The Collapse of Titanium C-Column due to Thermal Compression

The analysis of structures under higher temperature is important for predicting the ultimate strength of a structure. Therefore, many experimental tests on samples should be undertaken to observe their behaviour and to determine ultimate load. The present work includes the study on a thin-walled C-column made of titanium compressed in an elevated temperature. The phenomenon of buckling and the post-buckling state of columns were investigated during heating or compressing in higher temperature. The tests of compression were conducted for several temperature increments by assuming the same preload to determine the load-carrying capacity. The deformations of columns until total damage were measured by using the non-contact Digital Image Correlation Aramis® System (DICAS). The numerical calculations based on the finite element method (FEM) were performed to validate the empirical results.

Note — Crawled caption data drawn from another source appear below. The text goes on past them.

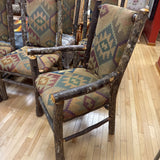 Rustic Log Frame w Pendleton Upholstery Dining Chairs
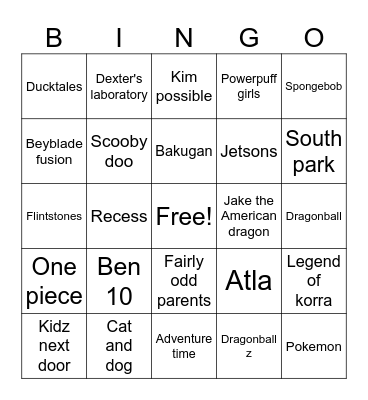 cartoon bingo Card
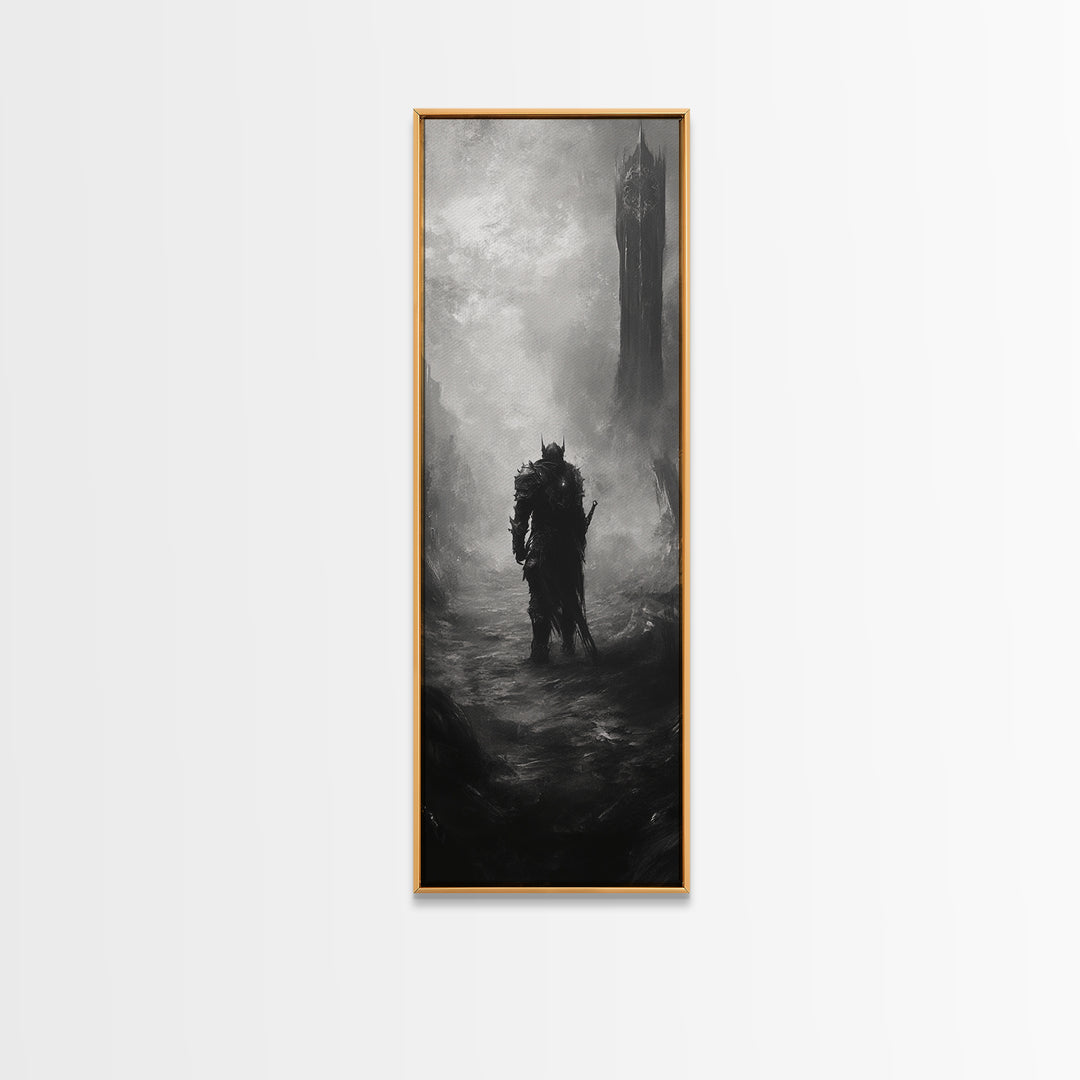 Lone Warrior Before Dark Tower Wall Art, Black And White Fantasy Print, Gothic Dark Art For Game Room Decor, Moody Statement Artwork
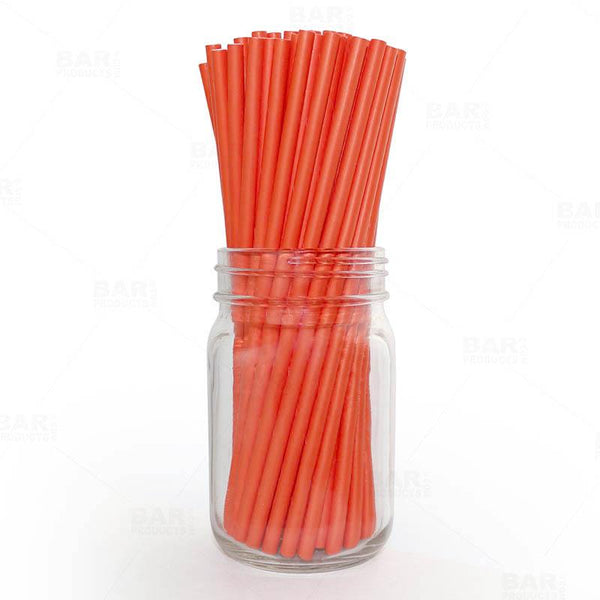 BarConic® "Eco-Friendly" Paper Straws - 7 3/4" Orange - Packs of 100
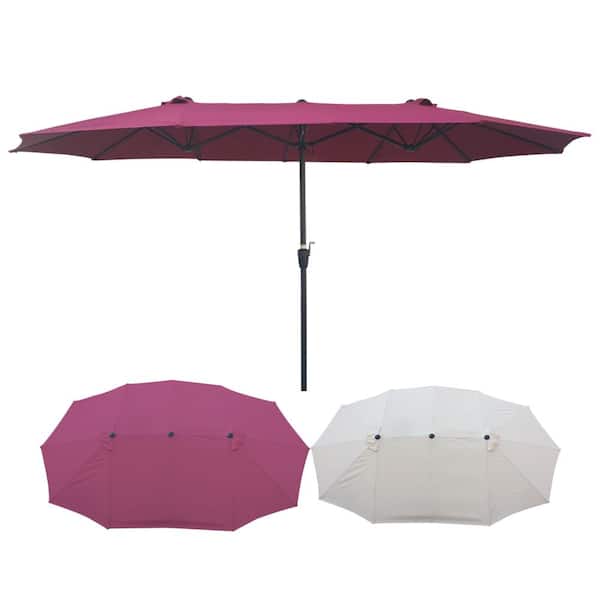 Unbranded 15 ft. x 9 ft. Burgundy Double-Sided Outdoor Beach Umbrella Extra Large Waterproof Twin Umbrella with Crank & Wind Vents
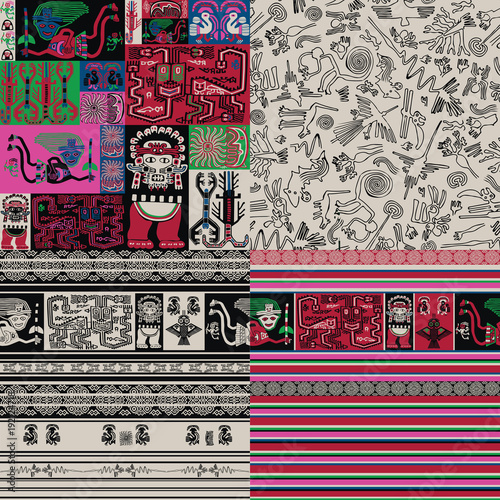 4 background with patterns, figures, colors symbolizing Peruvian folklore. Rock paintings, ornaments, decorative elements, united in seamless patterns.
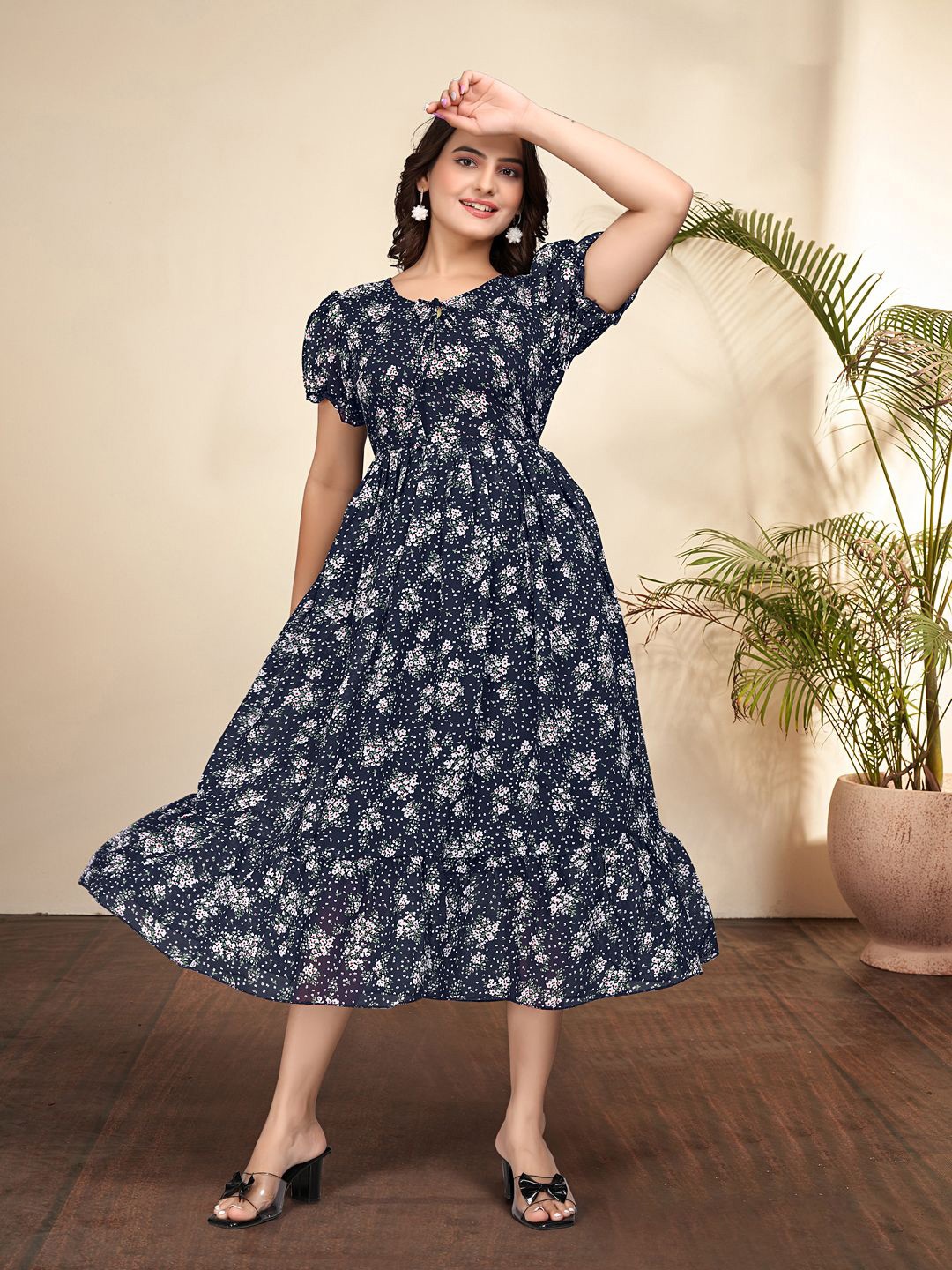 

BAESD Floral Print Fit & Flare Midi Dress, Navy blue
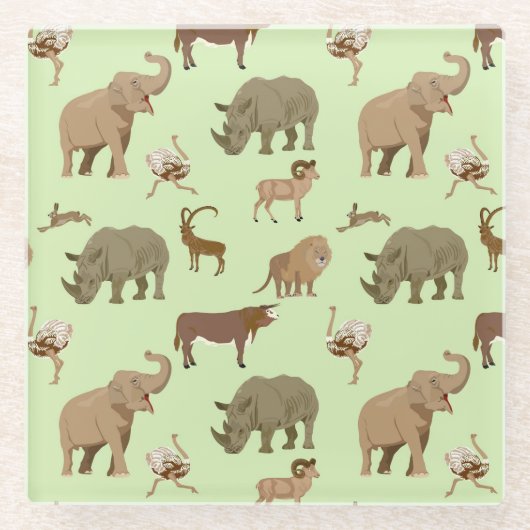 野生動物 ガラスコースター (正面)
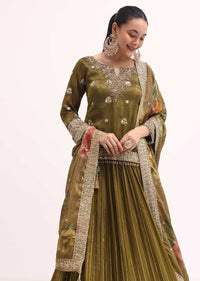 Mehendi Green Tissue Kurta Lehenga Set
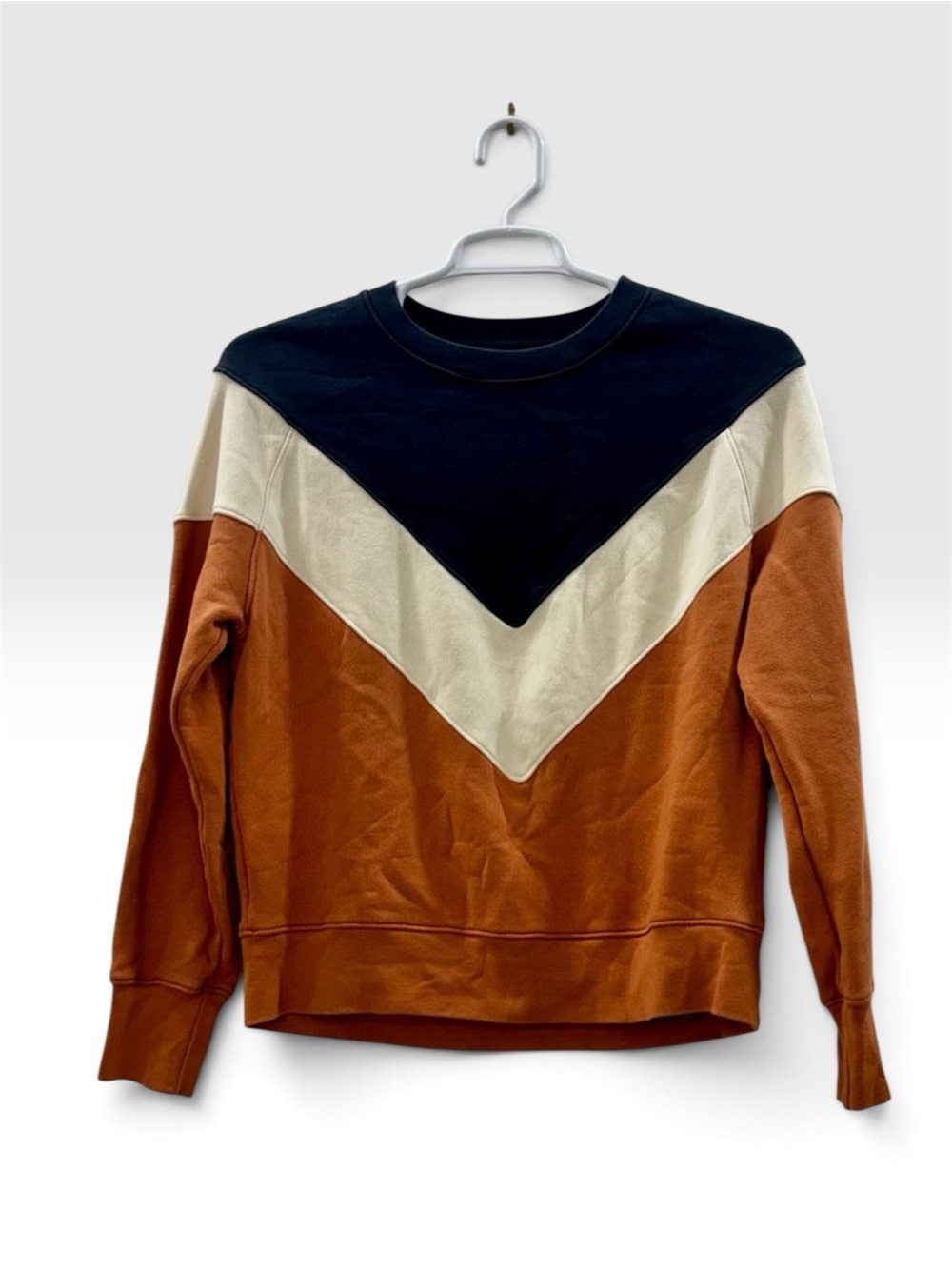 SUNDRY Chevron Colorblock Sweatshirt Pullover Grey Rust Cream - Size 2 (Medium)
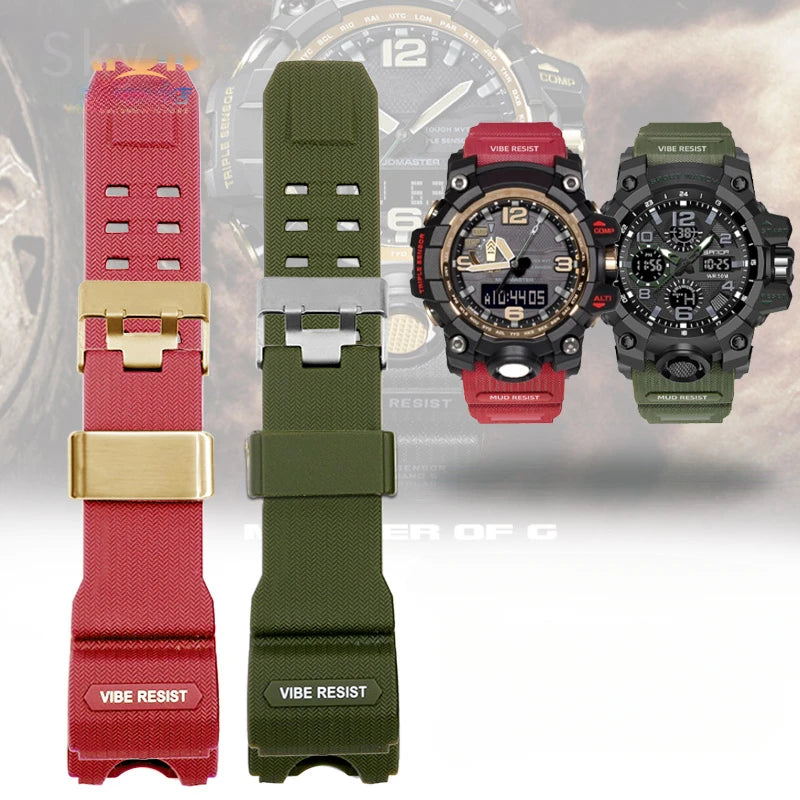 Casio G-SHOCK GWG-1000GB Blue Red Green Silicone Watchband 22cm Resin Strap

The full characteristics of one-directional tension tests were taken into account in order for them to be constant or dependent on the temperature change. Numerical computations were conducted by employing Green–Lagrange equations for large deflections and strains. Based on our own experiment, the thermal property of titanium as a linear expansion coefficient was stable up to 300 °C in contrast to its mechanical properties. The paper shows the influence of varying material properties as a function of temperature on the behaviour and load-carrying capacity of columns. These aspects cause thin-walled columns made of titanium to endure, in elevated temperatures, significantly smaller maximum loads. Moreover, the critical buckling loads for several types of stiff supports were compared to the maximum loads of columns. The results obtained indicate that the temperature rise in columns by 175 K with regard to ambient temperature brings about the decrease of the maximum load by a half.